DSK empêché, la donne politique au PS s’en trouve changé, plus ouverte aussi. Aujourd’hui, 28 juin, marque l’ouverture officielle des candidatures à la primaire. Martine Aubry a fait acte de candidature, précédée plus ou moins récemment par François Hollande, Arnaud Montebourg, Manuel Valls et Ségolène Royal. On aura mi juillet la liste définitive des candidats, après vérification faite du nombre de parrainage requis.

Pierre Moscovici pourrait être le sixième candidat. Il devrait décider, avec son équipe Besoin de Gauche, de sa (non)-candidature jeudi ou vendredi. Il laisse planer le doute sur ses intentions, regrettant l’absence d’une candidature authentiquement « réformiste, social-démocrate et européenne », qualités qu’il trouve ni chez François Hollande, ni chez Martine Aubry, les « deux favoris » de la primaire.

A mon sens le PS est aujourd'hui très majoritairement de tendance réformiste et social-démocrate, sur le plan de la pratique gouvernementale et sur le plan des idées. Si l'on regarde les motions de Reims, sur le plan des idées, les motions A (Delanoé, Hollande, Moscovici), D (Aubry, Fabius, Cambadélis), E (Royal, Peillon, Collomb) s'inscrivent grosso modo dans cette mouvance.

Ceci ne signifie pas dire qu'il n'y a pas de différences entre ces motions et les personnes qui les portaient alors. La trajectoire politique (constance ou pas), la pratique gouvernementales (plus ou moins dirigiste ou pas) et certaines propositions, parfois insolites, suffisent à distinguer ces personnalités et à les juger à l’aune du référentiel soc-dem.

A la différence d'autres courants, le courant Socialisme et Démocratie puis Besoin de Gauche (mais en bien moins performant) revendique cette culture social-démocrate (d’inspiration anglo-saxonne ET scandinave) et a su structuré la pensée soc-dem au sein du PS. Aujourd’hui, la spécificité de Besoin de Gauche (les amis de Moscovici) me semble être l’Europe, et franchement au PS où le sujet a du mal à passer, ce n’est pas rien.

L'aile-gauche, l'autre tendance que j'appelle social-républicaine et qu'incarnait à merveille Jean-Luc Mélenchon, pèse à peine 20%. Et malgré quelques postes à forte visibilité, cette tendance est divisée (Hamon, Emmanuelli, Montebourg, Filoche) et sans « doctrine » structurée, incapable de s’imposer ou de peser durablement sur la ligne majoritaire du PS.

Alors en dépit de toute la sympathie que j’ai pour Pierre Moscovici - j’aime son sérieux, son ton posé, sa nuance - je ne le vois pas aujourd’hui porter autre chose qu’une candidature de témoignage.
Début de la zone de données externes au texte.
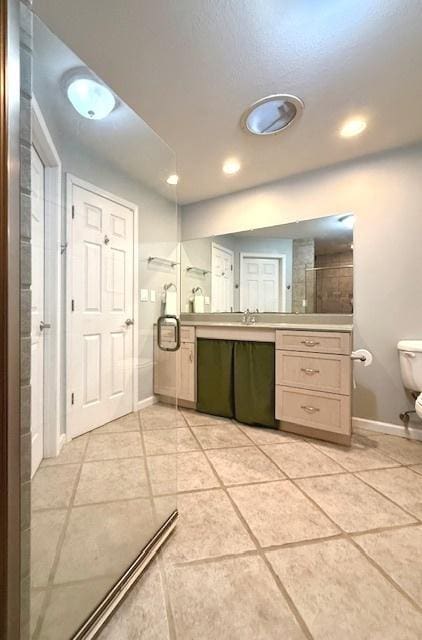 bathroom featuring tile patterned flooring, vanity, a shower, toilet, and baseboards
Sur le fond, hormis peut être la question européenne, je ne vois pas comment il pourra se distinguer de François Hollande et de Martine Aubry, aux yeux des sympathisants de gauche susceptibles de voter à la primaire citoyenne.

Sur la forme, Moscovici n’est pas actuellement organisé pour mener une campagne de primaire. Son réseau d’élus est plutôt réduit (aurait-il les parrainages nécessaires) et son courant semble peu structuré et mal animé. Ses partisans sont peut être concentrés sur quelques zones géographiques, affaiblissant par là les moyens de relayer ses idées et sa candidature.

Par rapport à d’autres candidats - Aubry et Hollande pour le soutien des élus, Montebourg et Royal pour le soutien des « volontaires de terrain » - les lacunes de Pierre Moscovici sont importantes. Et si une campagne électorale, fut-elle « interne », est affaire de rythme et d’interactions, je vois mal comment il pourrait rattraper son retard. Je crois en réalité que les tergiversations de Pierre masquent son prochain ralliement à François Hollande.